### AIM OF THE EXERCISE:
Extract verbatim every line from the one containing "ВИДЕО: Шокиращи сцени" to the final line of the records below, inclusive, and exclude all pictures.

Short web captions
———

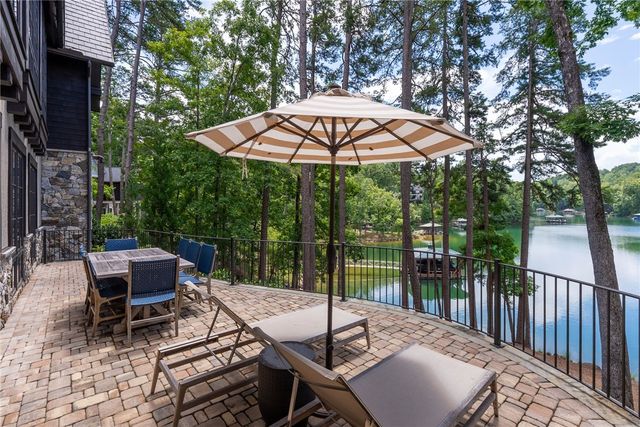 184 Hickory Springs Way, Six Mile, SC 29682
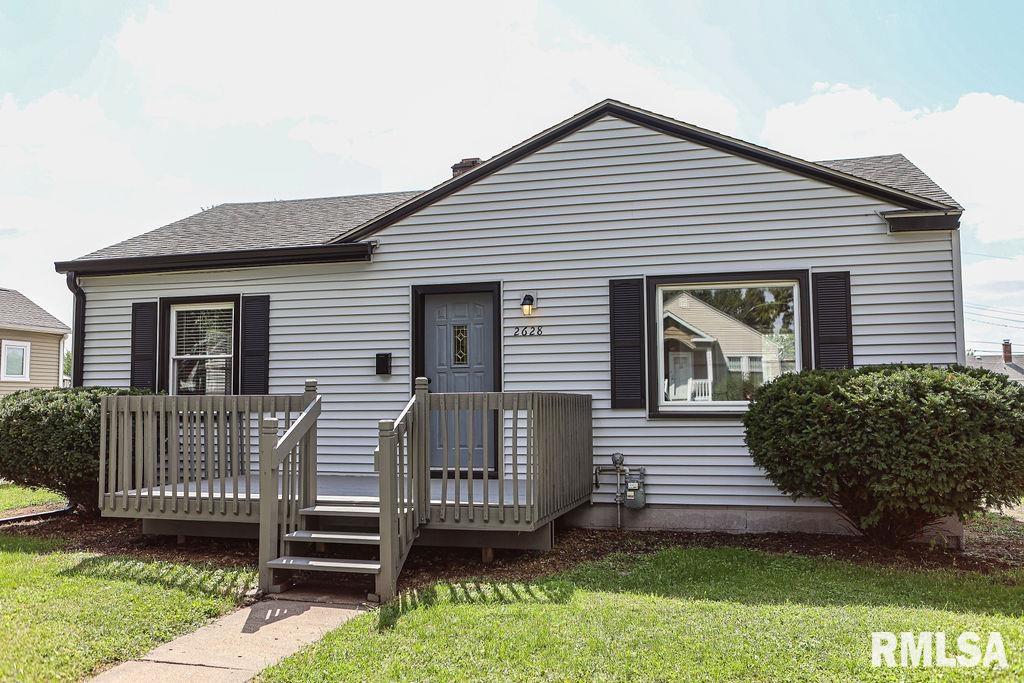 2628 38th Avenue Moline, IL 61265 - Photo 12 of 28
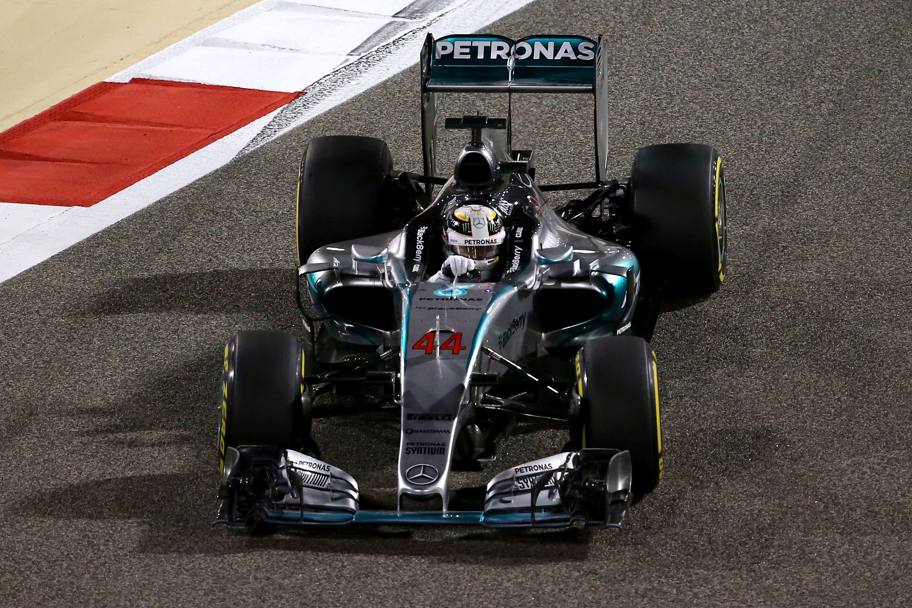 Lewis Hamilton su Mercedes conquista la pole sul circuito del Bahrain. Il pilota inglese precede la Ferrari di Sebastian Vettel e l&#39;altra Mercedes di Nico Rosberg. Quarto tempo per la rossa di Kimi Raikkonen (AFP)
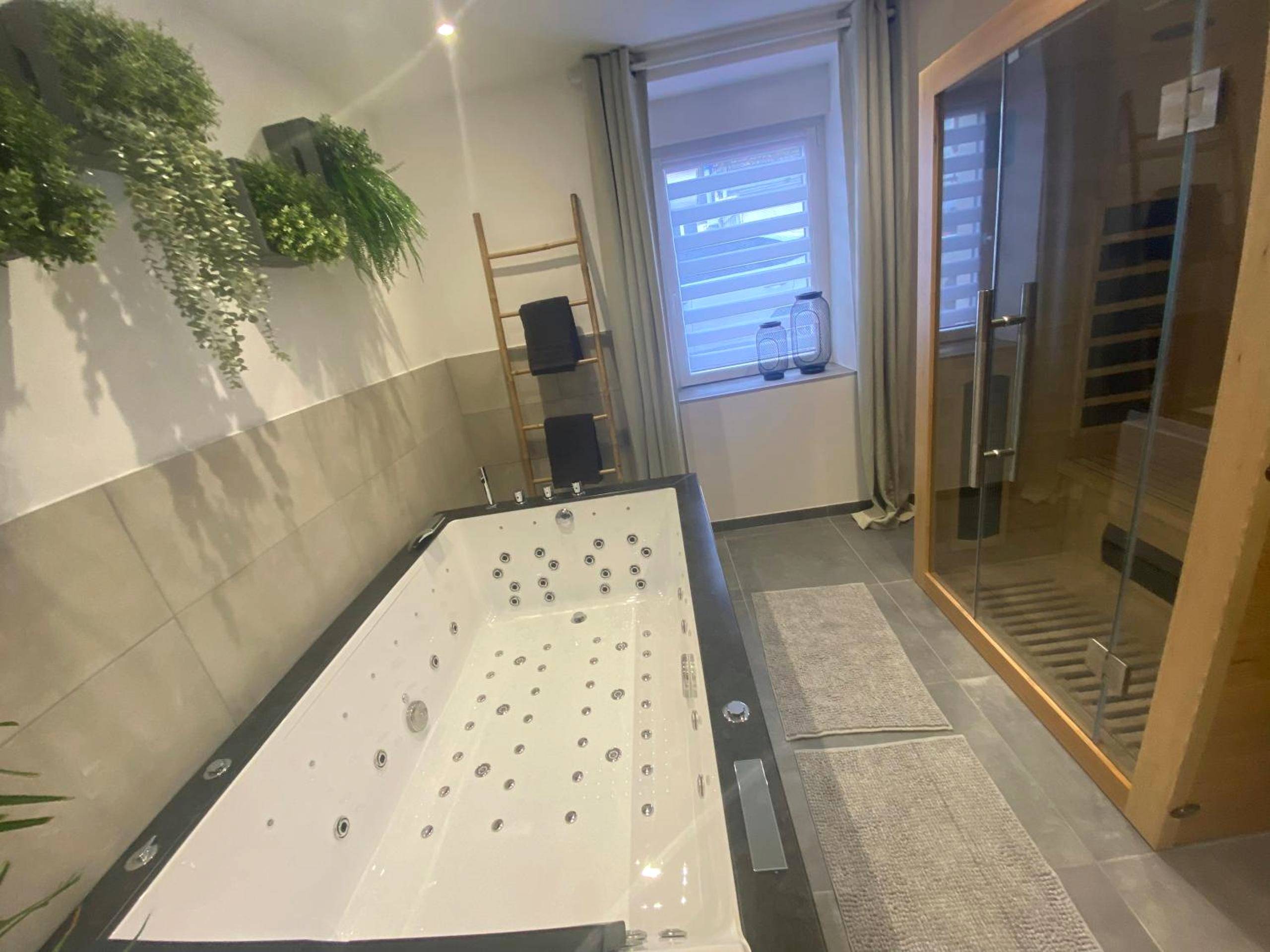 Espace bien - être avec jacuzzi et sauna - Love Room Cocooning & Spa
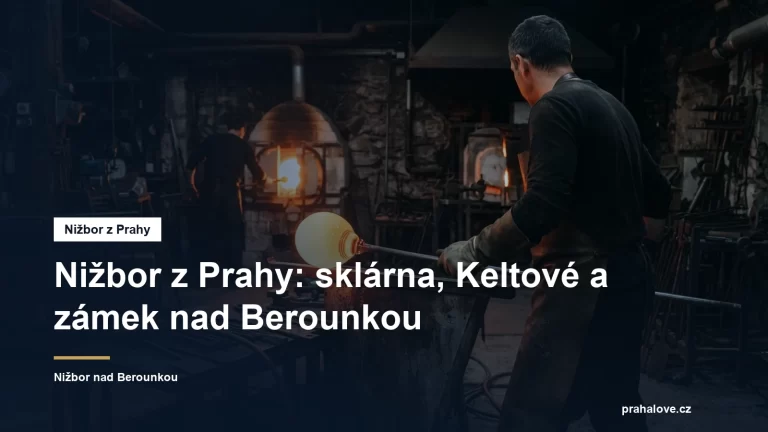 Sklář tvaruje žhavé sklo u pece ve sklářské huti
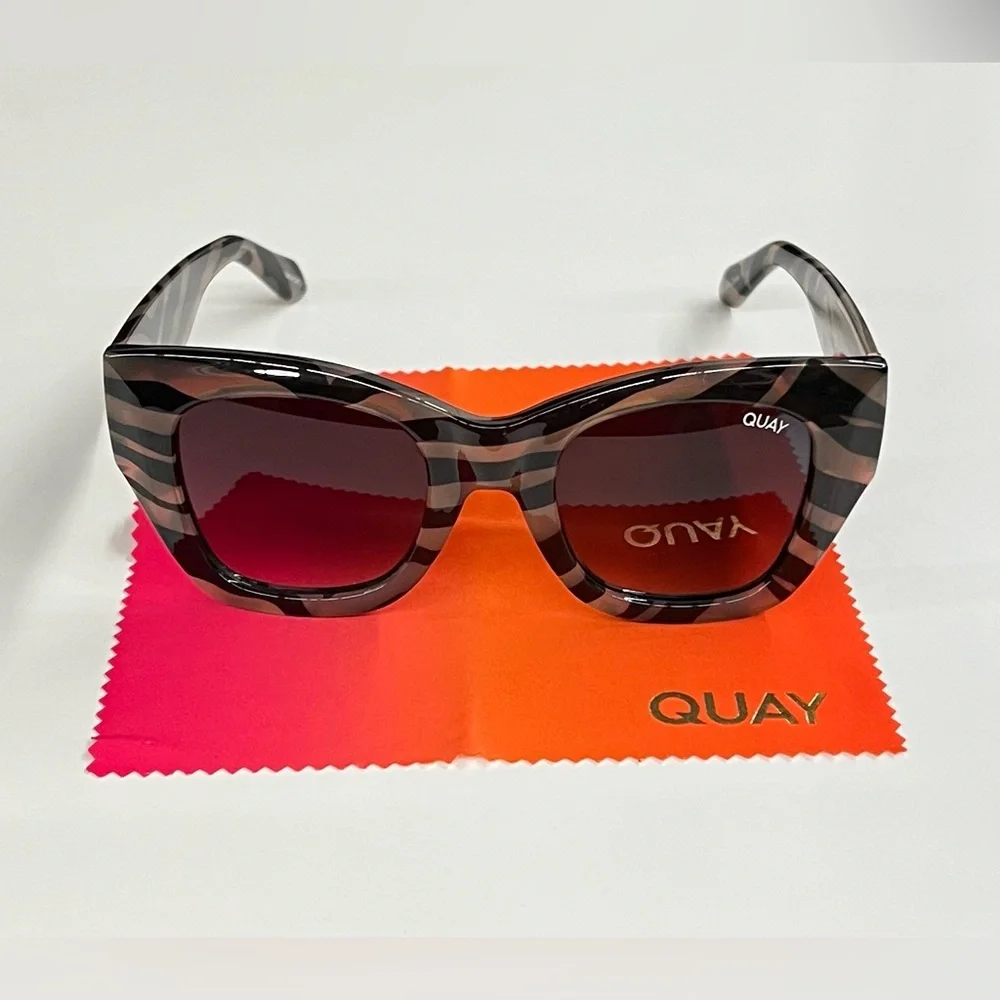 QUAY After Hours Bevel Sunglasses Zebra Stripe Frame Smoke Lenses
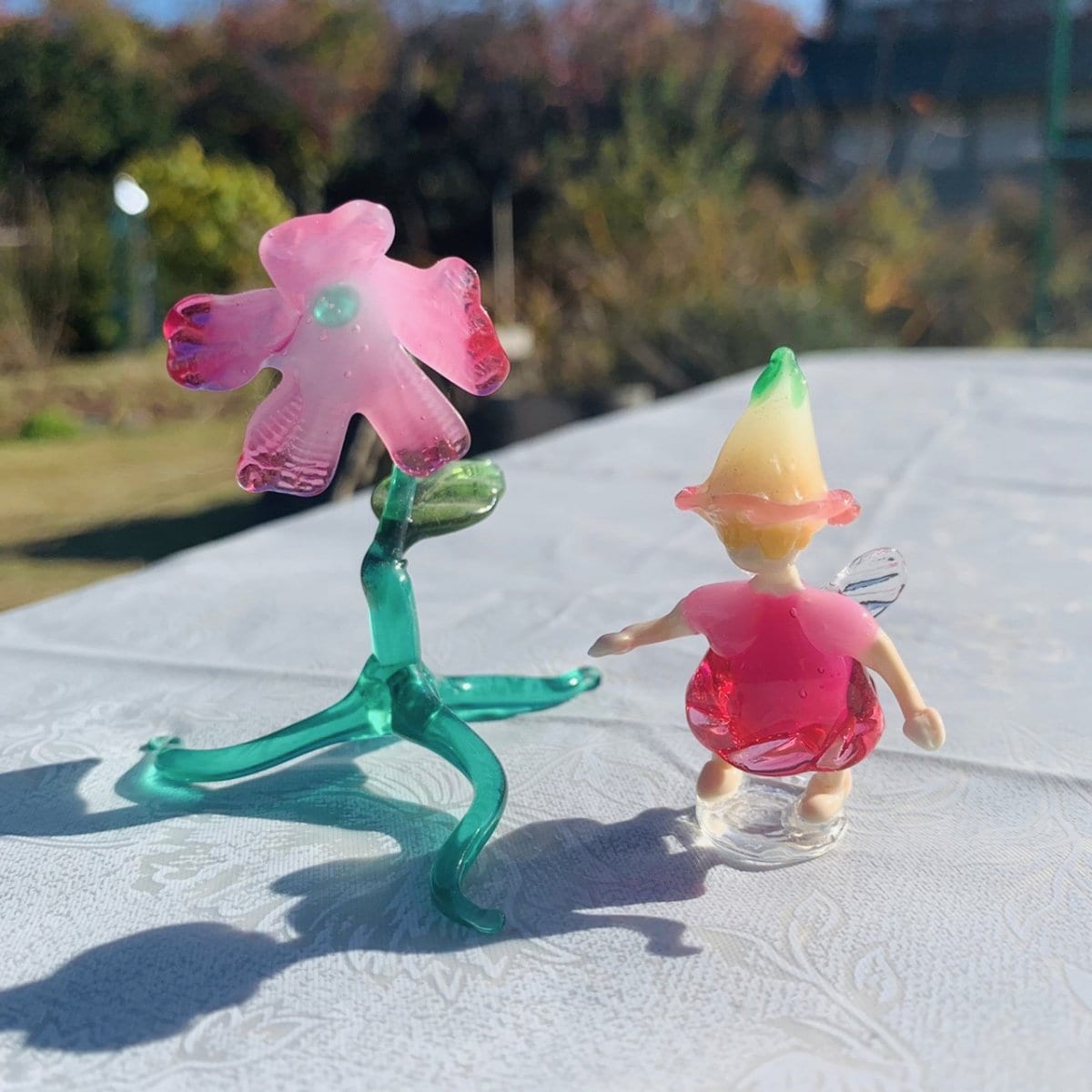 【送料無料/高ポイント】ガラスの置物〜花園〜 お花の中から生まれた妖精をイメージして作ったガラス作品(ピンク)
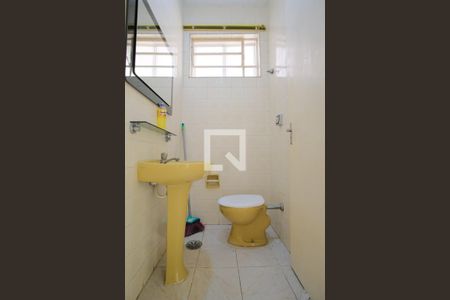Lavabo de casa para alugar com 4 quartos, 130m² em Vila Granada, São Paulo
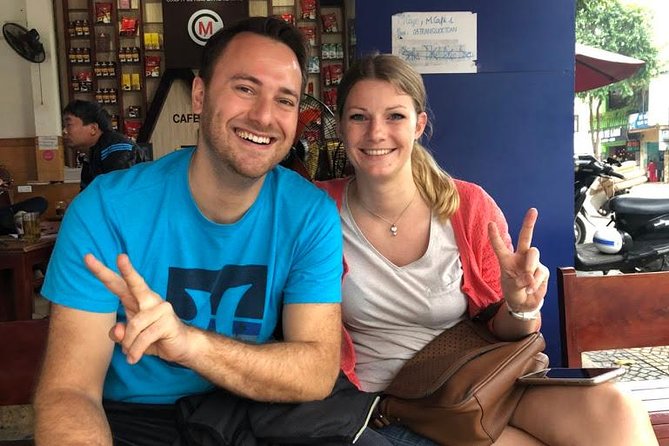 Da Nang Authentic Home Cooking Class - Getting there: meeting point, timing, and how the class runs
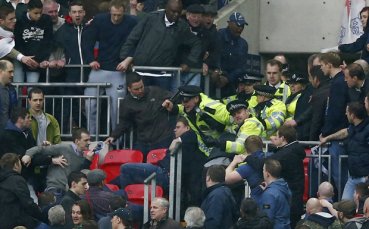 ВИДЕО: Шокиращи сцени на „Уембли“ помрачиха Милуол-Уигън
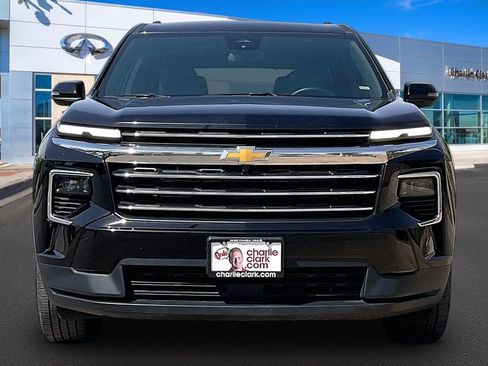 Used 2025 Chevrolet Traverse LT FWD image 3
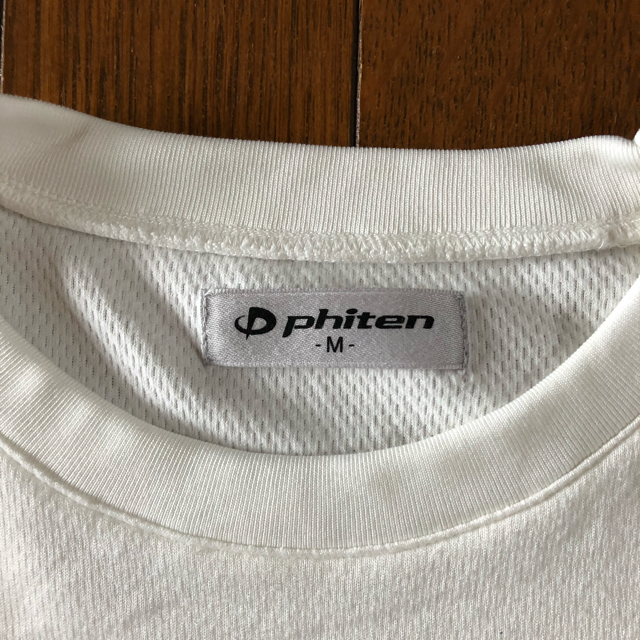 phiten Tシャツ ホワイト スポーツ/アウトドアのスポーツ/アウトドア その他(その他)の商品写真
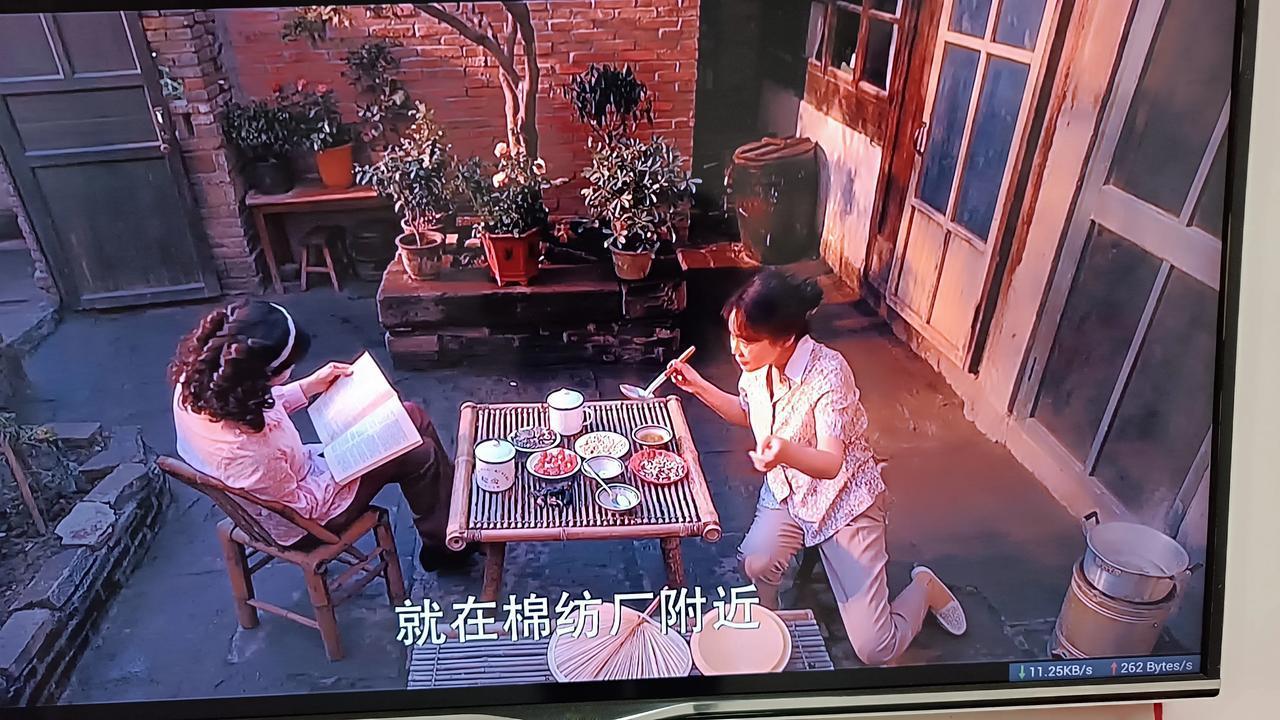 邻居这样相处，真好！《小巷人家》这部电视剧越看越像《请回答，1988》了！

———

### SOLUTION:
 ВИДЕО: Шокиращи сцени на „Уембли“ помрачиха Милуол-Уигън
 Used 2025 Chevrolet Traverse LT FWD image 3
 phiten Tシャツ ホワイト スポーツ/アウトドアのスポーツ/アウトドア その他(その他)の商品写真
 邻居这样相处，真好！《小巷人家》这部电视剧越看越像《请回答，1988》了！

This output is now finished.